WHAT YOU SHOULD DO ::
The answer should be each line from the entries below that has the word "Hybrid" in it.

[Crawled caption data]
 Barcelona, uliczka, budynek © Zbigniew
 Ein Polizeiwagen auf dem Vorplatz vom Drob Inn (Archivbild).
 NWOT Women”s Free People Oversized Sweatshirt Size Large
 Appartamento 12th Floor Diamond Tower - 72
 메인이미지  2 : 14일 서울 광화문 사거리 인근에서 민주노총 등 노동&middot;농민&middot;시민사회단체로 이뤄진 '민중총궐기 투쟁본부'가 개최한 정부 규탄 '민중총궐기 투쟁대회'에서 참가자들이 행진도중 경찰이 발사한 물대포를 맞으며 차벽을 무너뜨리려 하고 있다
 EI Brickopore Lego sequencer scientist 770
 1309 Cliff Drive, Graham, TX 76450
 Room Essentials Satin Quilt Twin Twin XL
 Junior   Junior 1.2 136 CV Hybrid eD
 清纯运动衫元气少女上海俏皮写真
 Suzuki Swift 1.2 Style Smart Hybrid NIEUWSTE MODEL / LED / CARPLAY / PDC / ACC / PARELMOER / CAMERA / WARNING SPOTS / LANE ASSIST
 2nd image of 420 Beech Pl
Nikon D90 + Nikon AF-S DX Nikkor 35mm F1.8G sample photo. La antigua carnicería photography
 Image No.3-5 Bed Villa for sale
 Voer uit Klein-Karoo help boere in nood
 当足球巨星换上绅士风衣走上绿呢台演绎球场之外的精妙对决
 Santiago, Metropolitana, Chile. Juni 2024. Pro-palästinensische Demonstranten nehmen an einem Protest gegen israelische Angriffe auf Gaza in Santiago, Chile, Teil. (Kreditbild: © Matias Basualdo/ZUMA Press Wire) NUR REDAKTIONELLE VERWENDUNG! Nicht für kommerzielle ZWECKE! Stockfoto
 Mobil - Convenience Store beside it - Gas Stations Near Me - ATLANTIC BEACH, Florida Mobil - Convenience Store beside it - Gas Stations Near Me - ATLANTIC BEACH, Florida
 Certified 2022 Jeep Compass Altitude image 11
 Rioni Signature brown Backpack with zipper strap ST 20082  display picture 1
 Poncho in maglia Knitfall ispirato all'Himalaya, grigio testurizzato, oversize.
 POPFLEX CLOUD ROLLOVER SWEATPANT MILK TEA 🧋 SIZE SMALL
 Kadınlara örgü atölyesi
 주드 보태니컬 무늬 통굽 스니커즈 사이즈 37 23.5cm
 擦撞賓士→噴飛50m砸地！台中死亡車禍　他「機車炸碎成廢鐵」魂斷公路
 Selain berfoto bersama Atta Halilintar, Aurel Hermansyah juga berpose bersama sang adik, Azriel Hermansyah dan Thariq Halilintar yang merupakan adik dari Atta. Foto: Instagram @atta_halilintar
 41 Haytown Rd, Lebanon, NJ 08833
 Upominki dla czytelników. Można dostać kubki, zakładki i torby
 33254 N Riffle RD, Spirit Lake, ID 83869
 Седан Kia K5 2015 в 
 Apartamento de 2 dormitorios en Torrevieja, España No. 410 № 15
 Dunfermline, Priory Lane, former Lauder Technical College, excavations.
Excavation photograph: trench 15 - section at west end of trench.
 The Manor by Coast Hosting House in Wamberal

WRITTEN ANSWER ::
 Junior   Junior 1.2 136 CV Hybrid eD
 Suzuki Swift 1.2 Style Smart Hybrid NIEUWSTE MODEL / LED / CARPLAY / PDC / ACC / PARELMOER / CAMERA / WARNING SPOTS / LANE ASSIST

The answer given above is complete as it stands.